There was a rash of scams in the early-mid 2010s in Charleston, South Carolina; each would begin with a con artist approaching an elderly mark in the parking lot of a bank holding an unmarked bag filled with apparent money. They would ask the mark if they had dropped the bag, and an accomplice would then walk by whom they would ask the same question. In time the con artists would suggest that the group might as well split the money three ways, but would come up with some reason why everyone needed to put up their own money first, such as to prove good faith or to check that the bag money was not counterfeit. The con artists would pool everyone's money in the bag, then find a way to flee, sometimes leaving the mark unwittingly holding a bag of newspaper in its place.

==In popular culture==

The Sting, the 1974 Oscar winner for Best Picture, begins when two conmen (Robert Redford and Robert Earl Jones) run the pigeon drop on a mark, only to discover later that the mark was a bagman for an organized crime boss. Jones' character is murdered by the mob in revenge, setting the dramatic tension for the film.

In 1983, Season 10 of The Jeffersons began with a three-episode arc about a pigeon drop scam.

The 1987 film House of Games contains a pigeon drop in the second act.

In The Golden Girls season 5, episode 22, "Cheaters", broadcast March 24, 1990, Blanche and Sophia are victims of a pigeon drop scam.

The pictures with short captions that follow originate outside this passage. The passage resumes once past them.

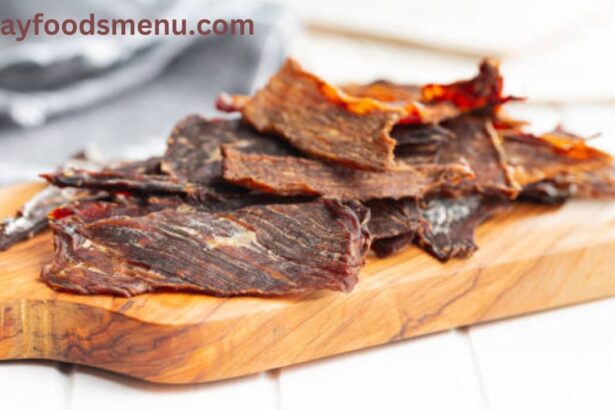 beef jerky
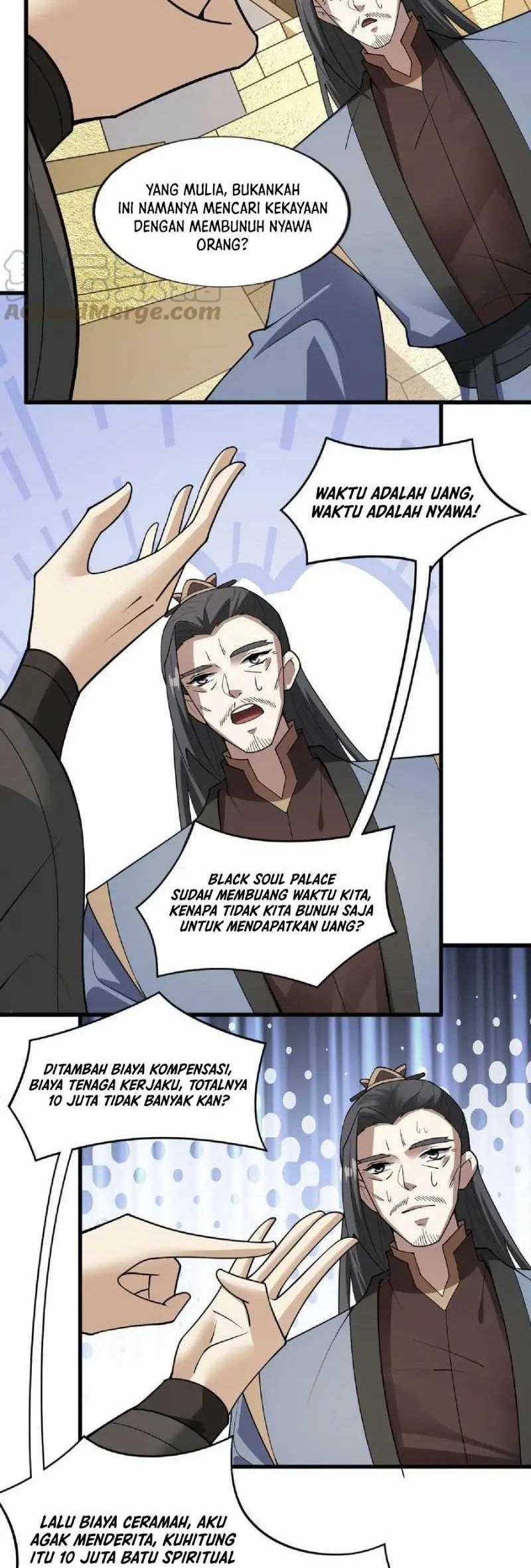 It’s Over! The Queen’s Soft Rice Husband is Actually Invincible Chapter 57 - halaman 16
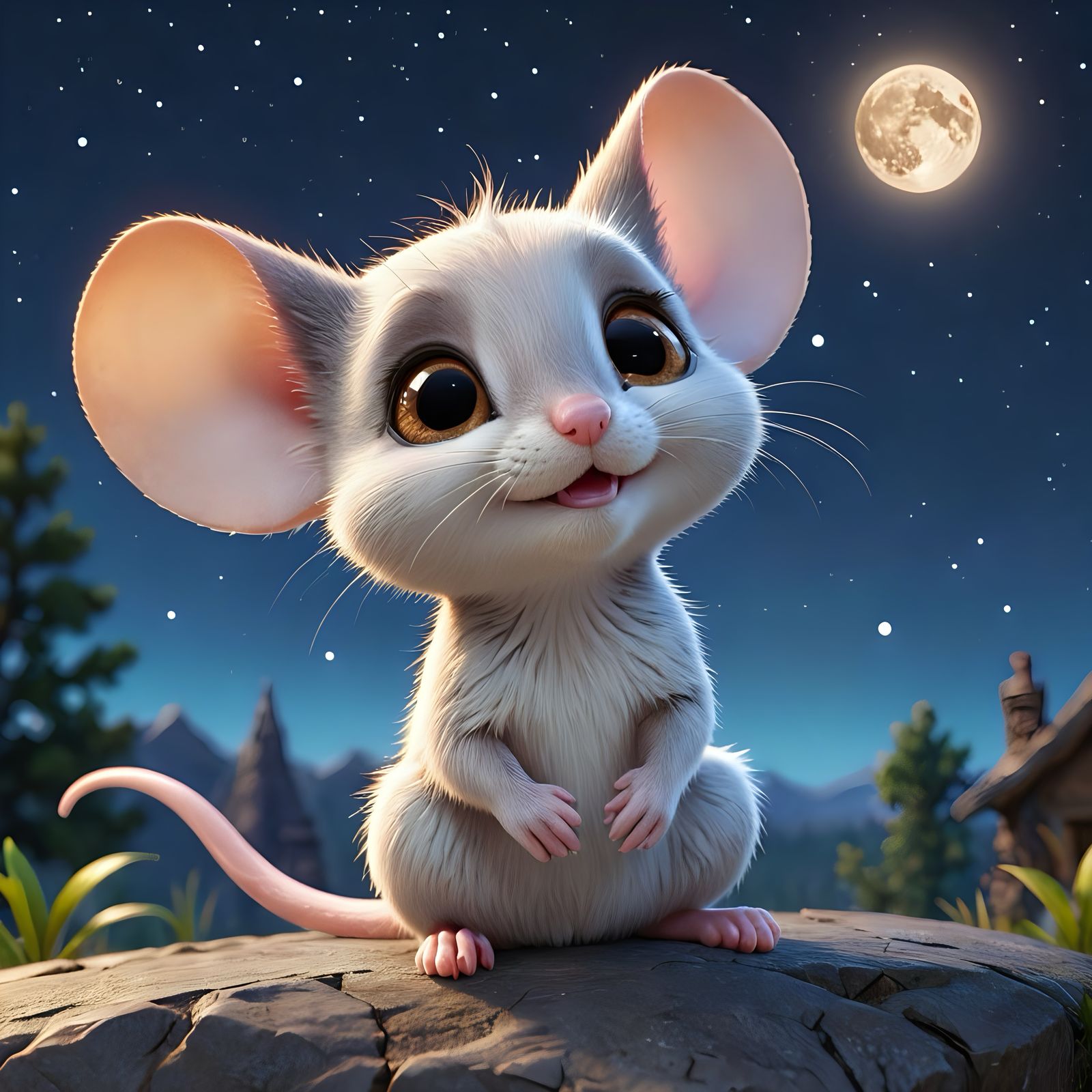 looking at the stars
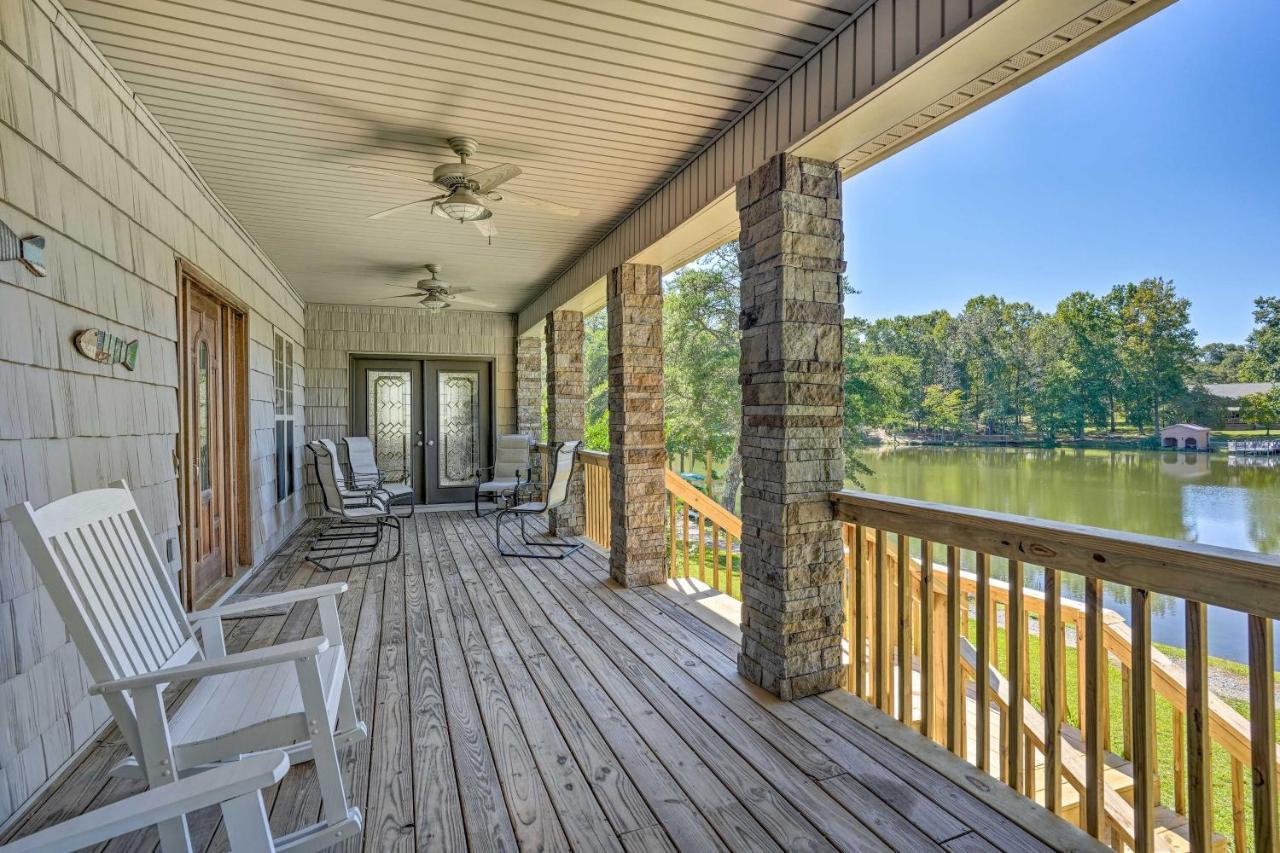 Spacious Group-Friendly Georgia Home On Lake Trenton ภายนอก รูปภาพ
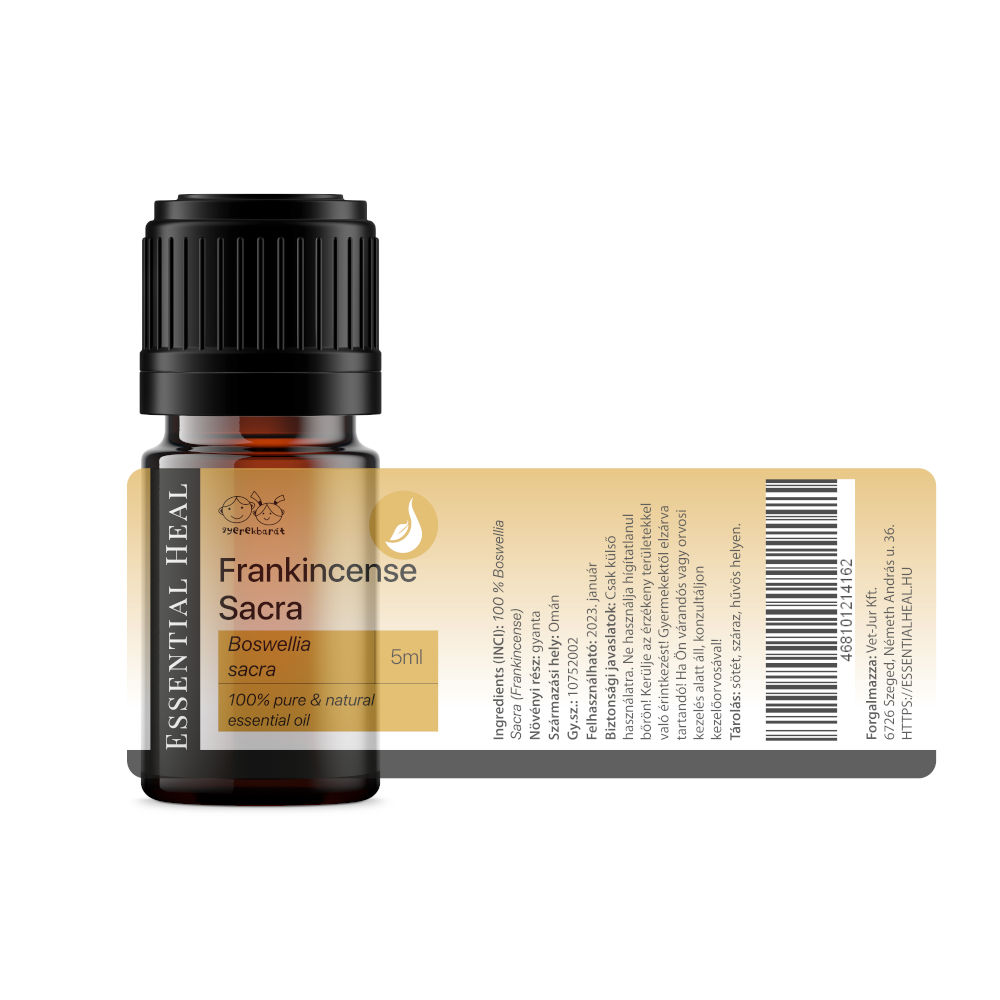 Frankincense Sacra 5 ml - Ománi Tömjén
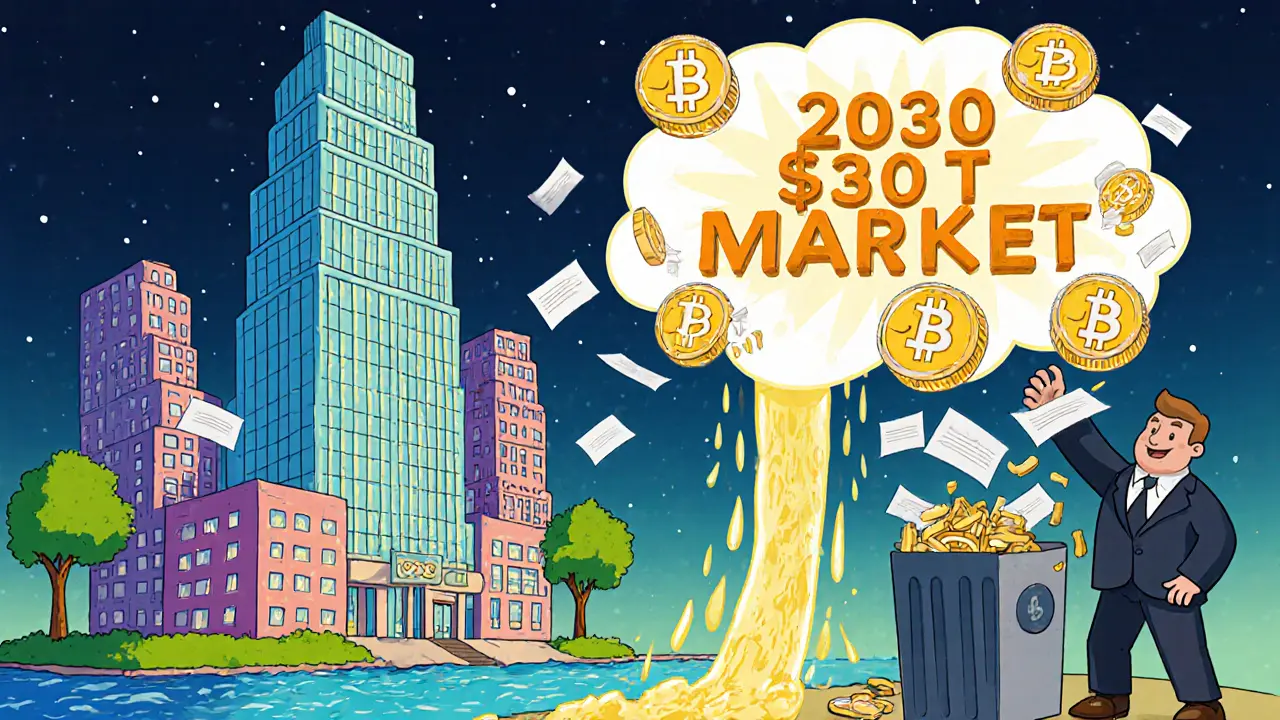 Future of Security Token Markets: How Blockchain Is Rewriting Finance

A man approaches them in a shopping mall asking them if they dropped a wallet he just found with a lot of money in it. He persuades them (with the help of what appears to be another random person in the mall) to contribute $2,000 of their own money to open a joint bank account where they will keep the found money and eventually split it if it remains unclaimed by the owner. When Sophia later explains to Rose how she and Blanche were scammed out of the $2,000, Rose tells her, "You two were victims of the oldest confidence game going: the pigeon drop."

The 2003 film Matchstick Men opens with two of the main characters performing a pigeon drop, posing as IRS agents.

The 2015 Better Call Saul episode "Hero" features a scene where Jimmy McGill and his friend, Marco Pasternak, use a pigeon drop to scam a mark out of a wallet. Jimmy leaves a bar with a new acquaintance, Stevie. In an alley, they discover a barely conscious drunk man next to a wallet full of cash. Stevie takes the cash and Jimmy takes the man's Rolex watch. Jimmy estimates the Rolex to be worth more than the wallet, leading Stevie to trade the found money plus additional cash of his own for the watch. After Stevie runs away with the watch, a cheap counterfeit, Jimmy and the "unconscious" man, now revealed to be his partner, return to Jimmy's residence to split the proceeds of their scam.